Difference between revisions of "Ceva's Theorem"

Revision as of 10:06, 14 July 2013

Ceva's Theorem is a criterion for the concurrence of cevians in a triangle.

Statement

Let $ABC$ be a triangle, and let $D, E, F$ be points on lines $BC, CA, AB$ , respectively. Lines $AD, BE, CF$ are concurrent iff (if and only if)

$\frac{BD}{DC} \cdot \frac{CE}{EA}\cdot \frac{AF}{FB} = 1$ ,

where lengths are directed. This also works for the reciprocal or each of the ratios, as the reciprocal of $1$ is $1$ .

(Note that the cevians do not necessarily lie within the triangle, although they do in this diagram.)

The proof using Routh's Theorem is extremely trivial, so we will not include it.

Proof

We will use the notation $[ABC]$ to denote the area of a triangle with vertices $A,B,C$ .
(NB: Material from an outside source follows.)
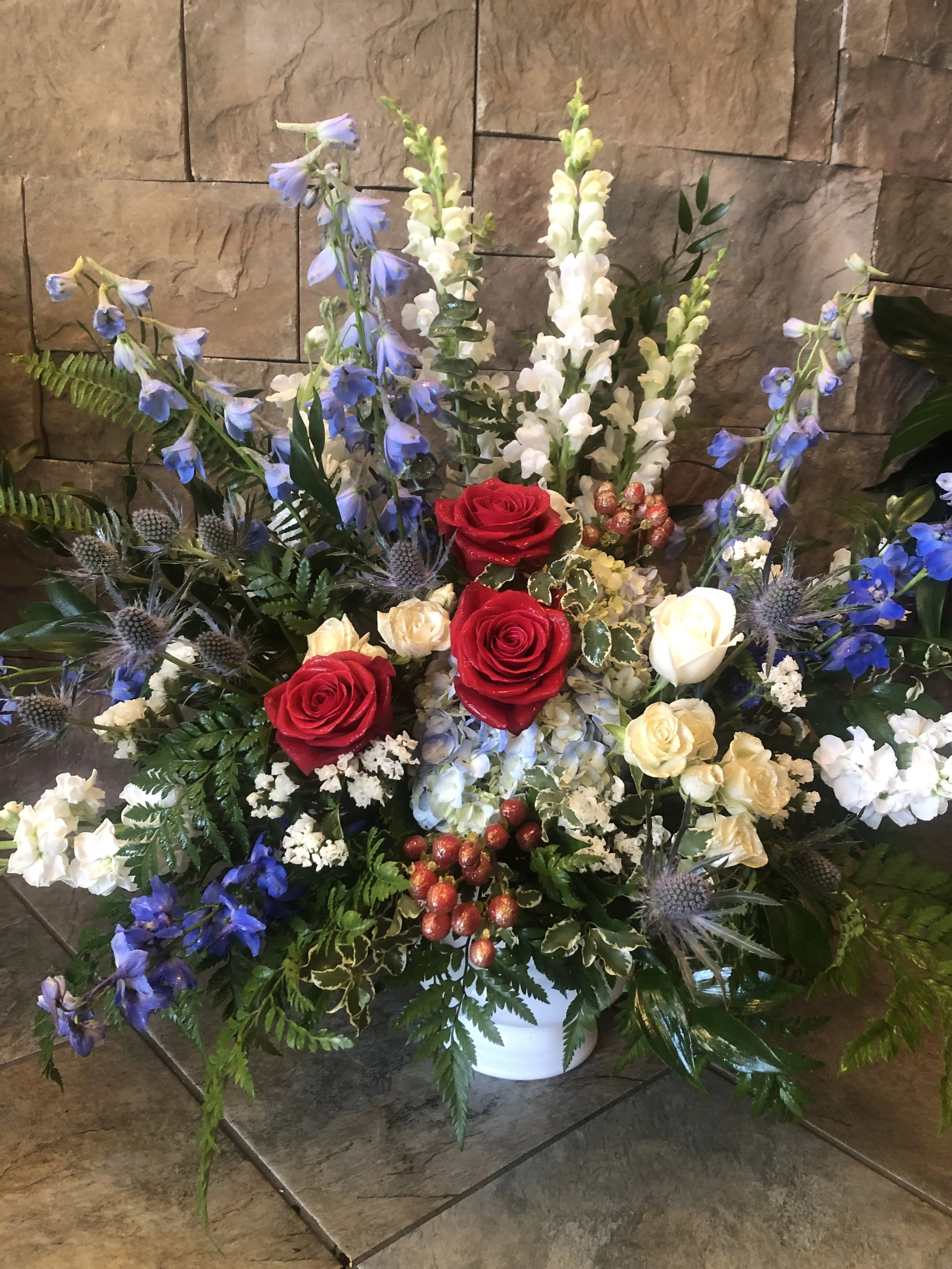 A sympathy arrangement in a white container with red, white, and blue flowers with greenery, placed on a tiled floor against a stone wall background.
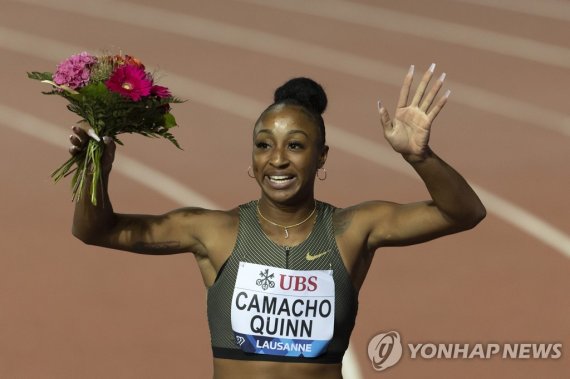 카마초-퀸, 여자 100ｍ 허들 우승 Jasmine Camacho-Quinn of Puerto Rico celebrates after winning the 110 meters Hurdles Women race at the Athletissima IAAF Diamond League international athletics meeting in the Stade Olympique de la Pontaise in Lausanne, Switzerland, Friday, Aug. 26, 2022. (Salvatore Di Nolfi/Keys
First, suppose $AD, BE, CF$ meet at a point $X$ . We note that triangles $ABD, ADC$ have the same altitude to line $BC$ , but bases $BD$ and $DC$ . It follows that $\frac {BD}{DC} = \frac{[ABD]}{[ADC]}$ . The same is true for triangles $XBD, XDC$ , so

$\frac{BD}{DC} = \frac{[ABD]}{[ADC]} = \frac{[XBD]}{[XDC]} = \frac{[ABD]- [XBD]}{[ADC]-[XDC]} = \frac{[ABX]}{[AXC]}$ .
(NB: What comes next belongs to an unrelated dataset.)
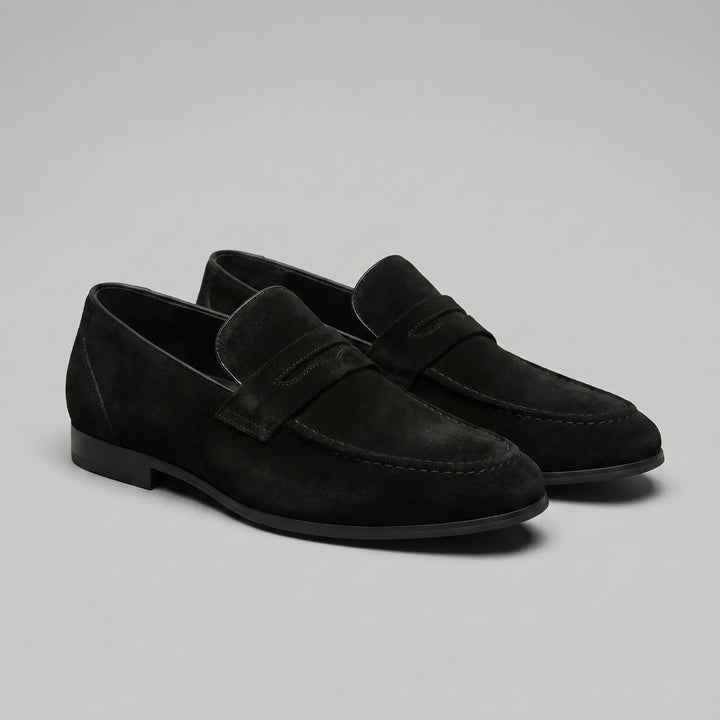 Men's penny loafers with almond toes, front straps and low flat heels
Similarly, $\frac{CE}{EA} = \frac{[BCX]}{[BXA]}$ and $\frac{AF}{FB} = \frac{[CAX]}{[CXB]}$ , so

$\frac{BD}{DC} \cdot \frac{CE}{EA} \cdot \frac{AF}{FB} = \frac{[ABX]}{[AXC]} \cdot \frac{[BCX]}{[BXA]} \cdot \frac{[CAX]}{[CXB]} = 1$ .

Now, suppose $D, E,F$ satisfy Ceva's criterion, and suppose $AD, BE$ intersect at $X$ . Suppose the line $CX$ intersects line $AB$ at $F'$ . We have proven that $F'$ must satisfy Ceva's criterion. This means that

$\frac{AF'}{F'B} = \frac{AF}{FB}$ ,

so

$F' = F$ ,

and line $CF$ concurrs with $AD$ and $BE$ . ∎

Proof by Barycentric coordinates

Since $D\in BC$ , we can write its coordinates as $(0,d,1-d)$ . The equation of line $AD$ is then $z=\frac{1-d}{d}y$ .

Similarly, since $E=(1-e,0,e)$ , and $F=(f,1-f,0)$ , we can see that the equations of $BE$ and $CF$ respectively are $x=\frac{1-e}{e}z$ and $y=\frac{1-f}{f}x$

Multiplying the three together yields the solution to the equation:

$xyz=\frac{1-e}{e}\cdot{z}\cdot\frac{1-f}{f}\cdot{x}\cdot\frac{1-d}{d}y$

Dividing by $xyz$ yields:

$1=\frac{1-e}{e}\cdot\frac{1-f}{f}\cdot\frac{1-d}{d}$ , which is equivalent to Ceva's theorem

QED

Trigonometric Form

The trigonometric form of Ceva's Theorem (Trig Ceva) states that cevians $AD,BE,CF$ concur if and only if

$\frac{\sin BAD}{\sin DAC} \cdot \frac{\sin CBE}{\sin EBA} \cdot \frac{\sin ACF}{\sin FCB} = 1.$

Proof

First, suppose $AD, BE, CF$ concur at a point $X$ . We note that

$\frac{[BAX]}{[XAC]} = \frac{ \frac{1}{2}AB \cdot AX \cdot \sin BAX}{ \frac{1}{2}AX \cdot AC \cdot \sin XAC} = \frac{AB \cdot \sin BAD}{AC \cdot \sin DAC}$ ,

and similarly,

$\frac{[CBX]}{[XBA]} = \frac{BC \cdot \sin CBE}{BA \cdot \sin EBA} ;\; \frac{[ACX]}{[XCB]} = \frac{CA \cdot \sin ACF}{CB \cdot \sin FCB}$ .

It follows that

$\frac{\sin BAD}{\sin DAC} \cdot \frac{\sin CBE}{\sin EBA} \cdot \frac{\sin ACF}{\sin FCB} = \frac{AB \cdot \sin BAD}{AC \cdot \sin DAC} \cdot \frac{BC \cdot \sin CBE}{BA \cdot \sin EBA} \cdot \frac{CA \cdot \sin ACF}{CB \cdot \sin FCB}$

$\qquad = \frac{[BAX]}{[XAC]} \cdot \frac{[CBX]}{[XBA]} \cdot \frac{[ACX]}{[XCB]} = 1$ .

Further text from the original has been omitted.